The formal methods of Schwinger and Feynman are applied to nonlinear field theories having elementary vertex functions of arbitrarily high order. In the first half of the paper, familiar theorems are rederived by noncanonical methods. Emphasis is given to purely formal aspects of the theory which may be expected to survive generalization to situations in which standard asymptotic conditions are inapplicable. Since the context in which the field nonlinearities are assumed to appear is that of a non-Abelian infinite-dimensional invariance group, detailed attention is given to the question of a group invariant measure for the Feynman functional integral. It is shown that the physically important part of the measure is not determined by the group.

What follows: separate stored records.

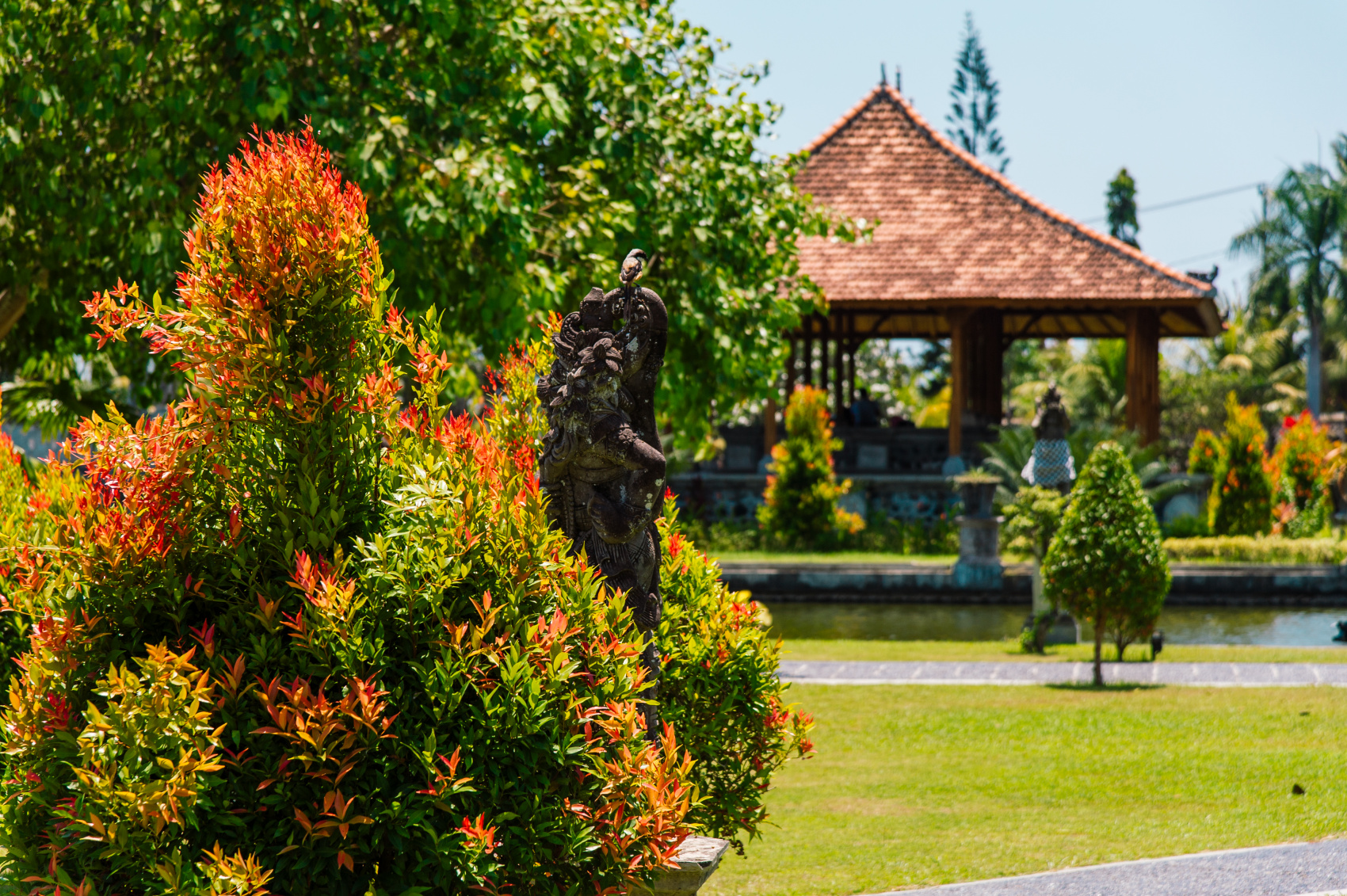 Остров мечты за 12 дней . (14/61)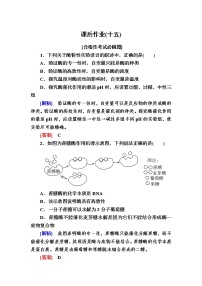 人教版 (新课标)必修1《分子与细胞》二 酶的特性精品课后作业题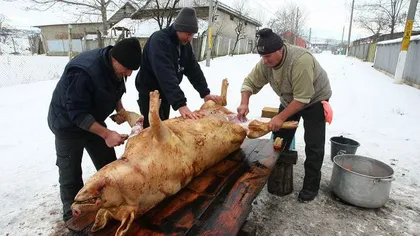 Zonele din România unde e INTERZISĂ tăierea porcului, fără avizul medicului veterinar. Ce trebuie să știe românii înainte de Crăciun!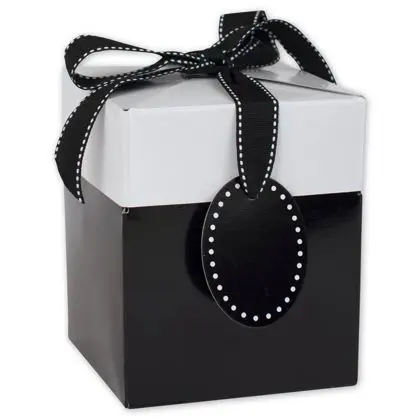 Fashion Black and white Gift Box Pop-Up Gift Boxes With Black Tie paper box packaging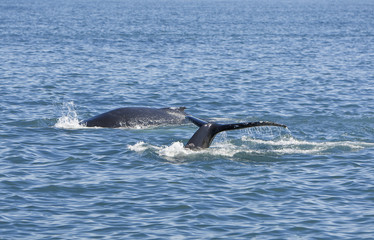 Two Humpback Whales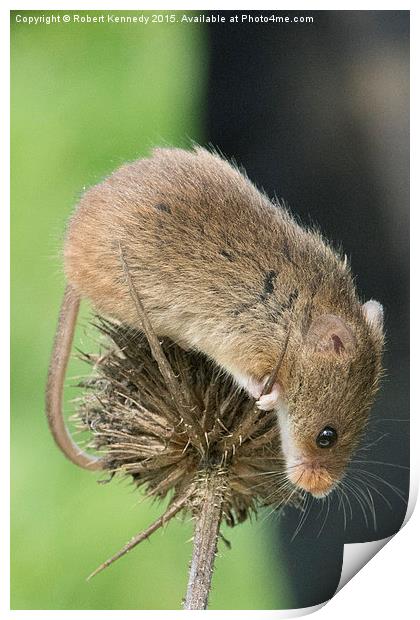 Harvets Mouse Print by Ravenswood Imagery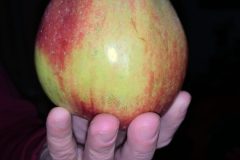 IMG_4751-scaled
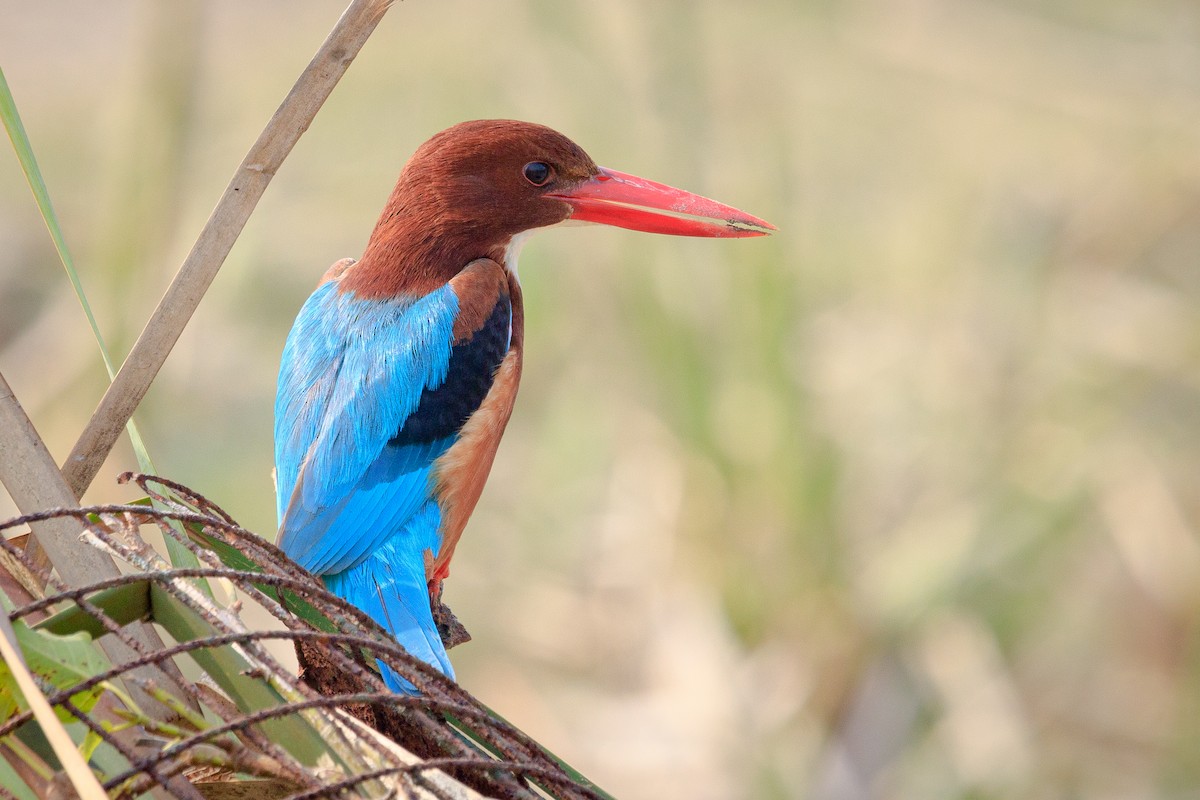 White-throated Kingfisher - ML411551311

The second half of the paper is devoted to the theory of the propagators and correlation functions which characterize the system when invariant variables are introduced. The existence of a c-number action functional Γ which contains a complete description of all quantum processes is proved. The second variational derivatives of this functional constitute the wave operator for the one-particle propagators (including all radiative corrections), and its higher derivatives are the renormalized vertex functions. A description of the renormalization process is easily carried out in terms of Γ. Finally, the implications which its existence has for quantum gravidynamics are discussed. Because it leads to nonlocal covariant equations for a complex metric tensor the way is open to transmutations of topology at the quantum level.